Penn Libraries has launched a new initiative to help make sure students from all backgrounds see themselves represented in the libraries.
As part of the program, known as "Diversity in the Stacks," Penn Libraries has been expanding its collections that represent minority groups who are part of Penn's student body. Penn Libraries has also started a series of monthly blog posts to highlight diverse aspects of the libraries' collections, including East Asian comics, LGBT film, and Latin American ethnohistory. The goal is to make libraries more accessible and inviting for all community members.
"I think the initial idea was in response to research from students that research libraries can be intimidating, especially if they haven’t used large academic libraries or research libraries before,” said Mary Ellen Burd, Penn Libraries’ director of strategic communications.
Engineering freshman Hannah Gonzalez, an international student from Mexico, said she felt intimidated when first visiting the library at Penn because she did not see many titles she recognized.
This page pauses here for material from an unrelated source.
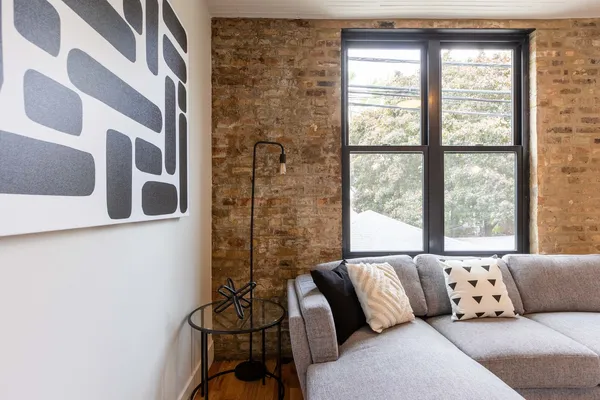 $6,995 | 2228 North Kedzie Boulevard, Unit CH, Chicago, IL 60647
“I feel I would be more represented if I go to the library and saw a book I read in high school or something like that, with a title I would recognize,” Gonzalez said. “If [students from minority backgrounds] don’t see themselves represented, they might feel intimidated or not go to the library as much as someone who felt represented would go."
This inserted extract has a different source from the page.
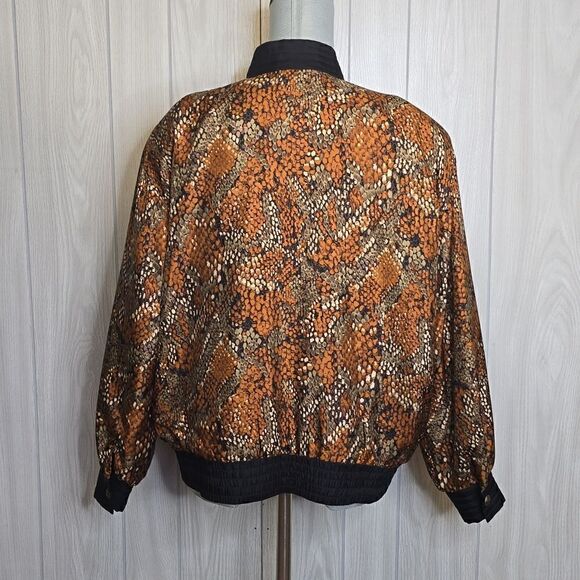 Jerri Sherman | Vintage Silk Bomber Jacket - Picture 5 of 9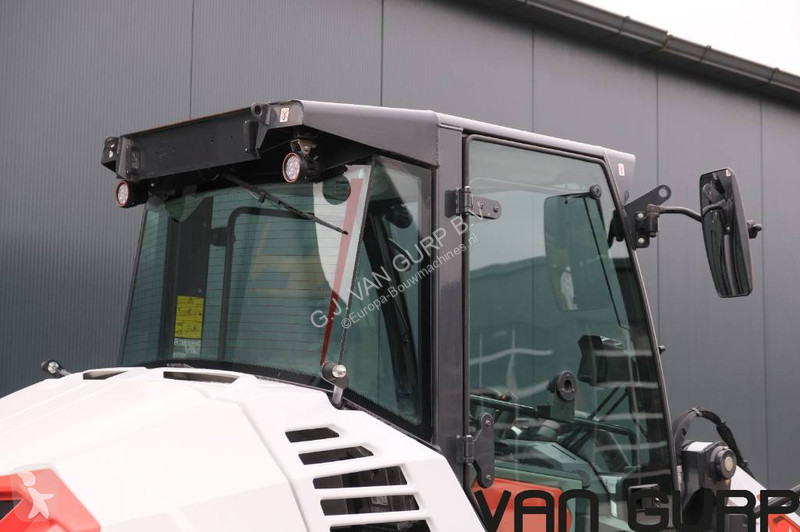 Pala cargadora Bobcat L85 | 2023 | 550h | A/C |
In response to student research on this topic, Burd said, Associate University Librarian for Collections Brigitte Weinsteiger and about a dozen other librarians began working on "Diversity in the Stacks" to make sure all students see themselves reflected in the collections.
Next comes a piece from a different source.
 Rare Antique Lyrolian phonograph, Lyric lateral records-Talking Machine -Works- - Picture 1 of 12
The librarians have added books that are winners of 67 literary prizes in diverse categories of fiction, Burd said. They have also added recent literature in various languages and in English translation, comic books and graphic novels in different languages, and subscriptions to news media sources in languages other than English.
Burd said the team took feedback from students to determine which collections to expand.
"[We heard] a number of requests from students that we develop a comic book or graphic novel collection in various languages, so that’s something that actually happened over the last few years," Burd said. "We have developed that collection, which is growing."
Burd added that the team also looked to add more diverse fiction because studies have shown reading fiction leads people to be more empathetic.
To help students learn about the initiative, Penn Libraries plans to release monthly blog posts to highlight specific aspects of the collections.
“It’s one thing to put together a collection, but you need to let people know that it’s there," Burd said. "That’s how the idea for the blog posts came about.”
The first blog post, released Sept. 24, focused on Afrofuturism, or the movement of black writers to address racial issues through science fiction. Penn Libraries plans to release about 24 blog posts over the next two years.
“We’re continually striving to make the libraries more welcoming and it’s our core mission across the board to provide knowledge to all Penn community members,” Burd said.
College junior Zahra Elhanbaly, a board member of the Penn Muslim Students’ Association, agreed that representation in libraries is important.
“The library is essential to Penn," Elhanbaly said. "Everybody goes to or has been to Van Pelt. It's one of the buildings that ties all of the schools together, so it’s very important that it does something like that."